Poet Jeffery Beam
Reviews
< Jeffery Beam Home
Other Reviews:
From reviews of What We Have Lost: New & Selected
Poems 1977-2001
2003 Five Finalist Audie Award in Poetry from the Audio
Publishers Association.
The Audie Award in Poetry is given for excellence in
narration, direction, engineering, and mix of an audiobook
featuring poetry as its primary content.
Nominee American Library Association Gay / Lesbian
Non-fiction
Book Award.
From the nomination:
What We Have Lost chronicles over two decades of the career
of
Jeffery Beam, a prolific poet, tireless collaborator,
and—by
the way—accomplished botany librarian. It is an
exceptional
literary production that deserves your consideration. As
librarians we should be open to new media. Beam's CD set,
because it is gathered around the texts of his published and
forthcoming books of poetry deserves our recognition because
it preserves the value of the texts while adding layers of
images, commentary, sound, and accessibility to the
poetry.
As I say in the article on Beam in Greenwood Press'
forthcoming Dictionary of Gay Poets and Playwrights, "Beam
writes for the voice, as his collaborations with Lee Hoiby
attest, but he is as intent on how a poem sounds when it is
spoken as when it is sung. His ability to entertain as a
reader is neither an accident nor a minor part of his role as
a poet." Beam keeps up a steady schedule of readings, and
always leaves his audience fascinated with the pleasure of the
sound of words. His unaccompanied singing of some of his
poems, such as "The Song" from The Fountain, is remarkably
moving and appropriate to the text. Beam uses his sensitivity
to sound as well as a keen eye for design to make the compact
disk set What We Have Lost: New & Selected Poems
1977-2001,
his most impressive production so far. Few writers have the
understanding of media or the willingness to take risks that
such a project requires, but Beam is equal to the task. This
collection of text, sound files, and graphics exudes
sensuality and makes the poetry as appealing as any
multi-media effort to date. It compares favorably with such
well-funded efforts as Atlantic Unbound, the online expression
of the venerable periodical.
—Cy Dillon, Library Director, Stanley Library, Ferrum
College,
Virginia, and Associate Editor Nantahala Review
(v. 2 no. 1, Spring 2003)
Long ago and far away, I was a raw young college student at
the raw young University of North Carolina at Charlotte, whose
accreditation was then so green that its PR machine could only
brag that UNCC was "no longer an emerging university but a
university in fact." When I was no longer an emerging
sophomore but a sophomore in fact, I enrolled in UNCC's
fledgling Bachelor of Creative Arts Program, and soon found
myself in the company of various raw young Southern bohemians
who were living out their creative ambitions to the fullest in
the sheltered confines of a fancy new arts building.

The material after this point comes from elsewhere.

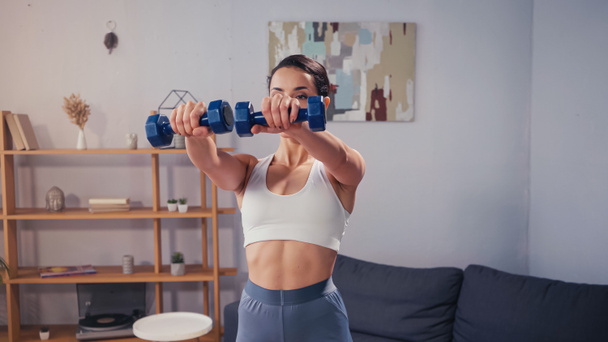 Fit sportswoman working out with dumbbells at home  - Photo, Image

Most of
them would remain artistes only as long as it took to earn a
degree, after which they would come to their senses and enter
the career tracks of marketing executives, bankers, car
salesmen or Baptist preachers.
And then there was Jeffery Beam. Though they say he
was born the same year as myself—in a towel-spewing mill
town just a few miles from another mill town where I came
whining into the world—Jeffery always seemed to have
sprung
full-grown from some dense and mysterious forest, temporarily
shedding the raiments of the wood sprite to bring a dose of
magic to the mundane humanity of Dixie. I could never quite
figure out if I belonged in Creative Arts—strung out as I
was between a poet's lonely garret and the hubbub of the
student newspaper office (gee, la plus ça change...)—but
Jeffery always seemed to have "Congenital Artist" stamped on
his aura. Though we lost touch in the years immediately after
college, over the last decade or so I've been pleasantly
surprised to find the occasional Jeffery Beam chapbook in my
mailbox. I always assume that it has been placed there in the
wee-est hours by the West Coast brethren of Jeffery's Carolina
wood-sprite network.
And now comes What We Have Lost—a splendiferous 2-CD
anthology of Jeffery's award-winning chapbooks, loose scripts,
and offhand remarks, all woven together with music, audio
voiceovers, photographs and even a couple of QuickTime video
clips. There are all kinds of credits dutifully given to some
talented multimedia artists who helped create this magical
brew, with Jeffery's spare yet emotional verse as the root
stock. Still, all the technology is but another spritely ruse,
for I know 21st-century alchemy when I see it. As always, this
man is an affront to American pop culture; it's like he wants
us all to ascend to a higher, more sensitive plane of
existence. And to think we went to school together in the dark
ages, when even the wiliest wizards in the deepest woods had
yet to conjure up CDs and websites...You can visit Wood
Sprite Central at Green Finch Press.
—D. Patrick Miller in The Fearless Reader webzine (May
3, 2002)
What We Have Lost...is moving, even spellbinding. In
every
way, from the design, choice of harmonizing colors, the vellum
covers for the two discs with the single heart in flames, then
the double heart in flames for the second disc—it is a
total
work of art. The music and your lyrical singing really set a
mood. What We Have Gained here, your high art, certainly
militates against anything we / you have lost since 1977. I
also think that you are 'way ahead of other poets in seeing
that you have to
"go out to the people," and "package your work attractively,"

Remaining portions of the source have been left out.